Hardcore Superstar

                                                                                               You can’t kill Rock’n’Roll

                                                                                               Gain Music

                                                                                              www.hardcoresuperstar.com

 

 

Stavolta la band svedese di Street Metal ha estremizzato il suo gioco goliardico rincorrendo più i ritornelli che la forma seria della costruzione delle song. In qualche modo è stata coraggiosa, rischiando di allontanare i fan più legati a maggiore pregnanza nella costruzione del songwriting. Va bene il divertimento, ma stavolta siamo proprio all’enfasi circolare della incompletezza. Undici album con questo, e non è un flop, ma forse non è il massimo che ci si possa aspettare da un combo famoso come gli hardcore Superstar.

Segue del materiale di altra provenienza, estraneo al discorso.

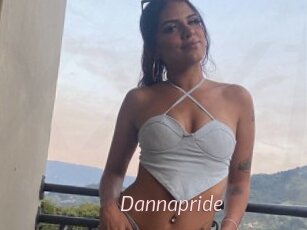 Dannapride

Il primo pezzo “ADHD” sarebbe azzeccatissimo, senonché è una mera ripetizione del ritornello e non va più in là. Quando le song hanno caratteristiche complete di brano classico, funzionano con più efficacia, e qui si possono segnalare la dura “ELECTRIC RIDER” piuttosto Tesla, con l’assolo fatto e finito come si deve, e “MY SANCTUARY” potentemente Aerosmith, scattante, forse la canzone migliore dell’album, anche se il finale sfumato è perdente. Luminosa anche “THE OTHERS” (sebbene è l’unica che contenga un po’ di oscurità, questa posta nel finale) che nella sua normalità è uno di quegli episodi che salva l’insieme.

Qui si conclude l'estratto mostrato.